6. The adjustment provisions set forth in Section 8 of the Plan shall apply to this Option.

7. This Option shall not be transferable by the Optionee, in whole or in part, except in accordance with Section 7 of the Plan, and shall be exercisable only as hereinbefore provided. Any purported assignment, transfer, pledge, hypothecation or other disposition of the Option or any interest therein contrary to the provisions of the Plan, and the levy of any execution to, or the attachment or similar process upon, the Option or any interest therein, shall be null and void and without effect.

8. Subject to the applicable provisions of the Plan, and particularly to Section 7 of the Plan, this Agreement shall be binding upon and shall inure to the benefit of Optionee, Optionee's successors and permitted assigns, and the Company and its successors and assigns.

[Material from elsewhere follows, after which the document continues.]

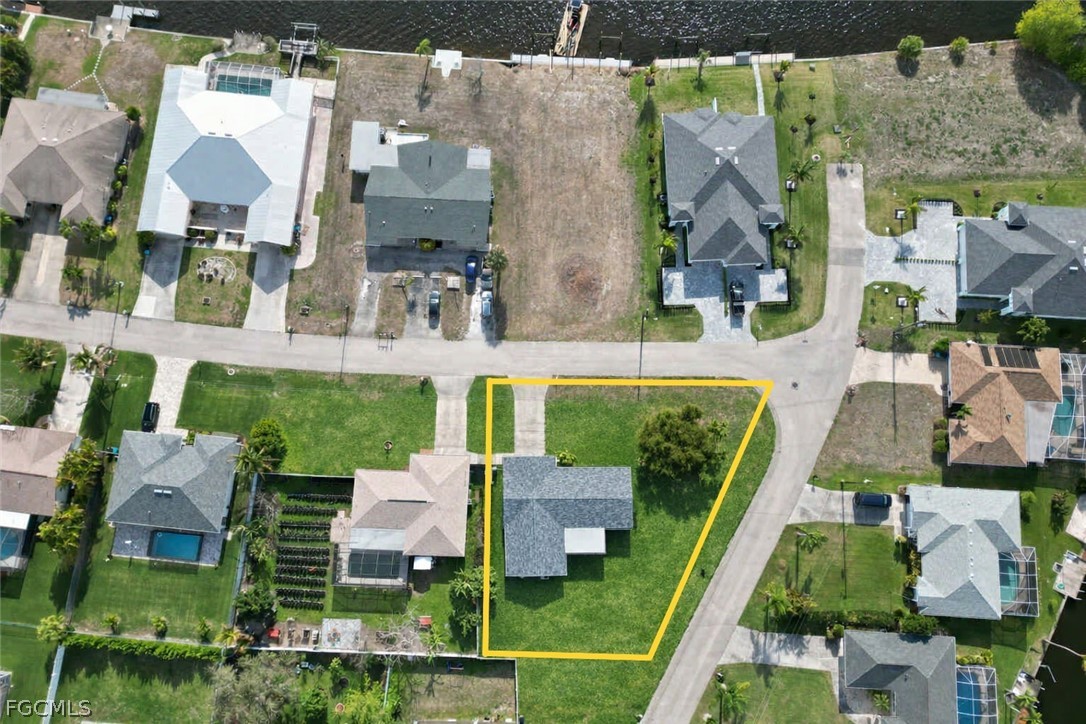3 Bed SingleFamilyResidence for Sale in Cape Coral, FL — photo 7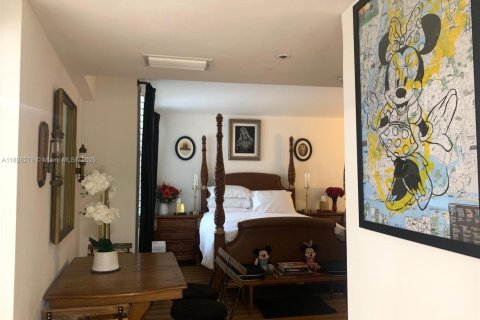 Condo in Miami Beach, Florida  № 2076709 - photo 10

9. This Agreement shall be construed and enforced in accordance with the internal laws of the State of Rhode Island and Providence Plantations and applicable Federal law.

 

IN WITNESS WHEREOF, the Company and the Optionee have duly executed this Agreement effective as of the day and year first above written.

ATTEST:

HASBRO, INC.

 

By:_____________________

    Barry Nagler
    Senior Vice President
    General Counsel and Secretary

By:_____________________

    Alfred J. Verrecchia
    President and Chief Executive
    Officer

 

 

 

By:_______________________

    Optionee

RESTRICTED STOCK AGREEMENT

 

THIS AGREEMENT (the "Agreement") is entered into effective as of the Exercise Date by and between the Participant and Hasbro, Inc. (the "Company").

WITNESSETH THAT:

WHEREAS, the Company maintains the 2003 Stock Incentive Performance Plan (the "Plan"), a copy of which is annexed hereto as Exhibit A and the provisions of which are incorporated herein as if set forth in full, and the Participant was previously granted an option on                 by the Compensation and Stock Option Committee of the Board of Directors of the Company (the "Committee"), which administers the Plan, to purchase shares of restricted stock under the Plan (the "Option");

NOW, THEREFORE, IT IS AGREED, by and between the Company and the Participant, as follows:

1. Terms of Award. The following terms used in this Agreement shall have the meanings set forth in this Section 1:

A. The "Participant" is: .

B. The "Exercise Date" is: , being the day on which the Participant exercised the part of the Option applicable to the shares of Restricted Stock subject to this Agreement.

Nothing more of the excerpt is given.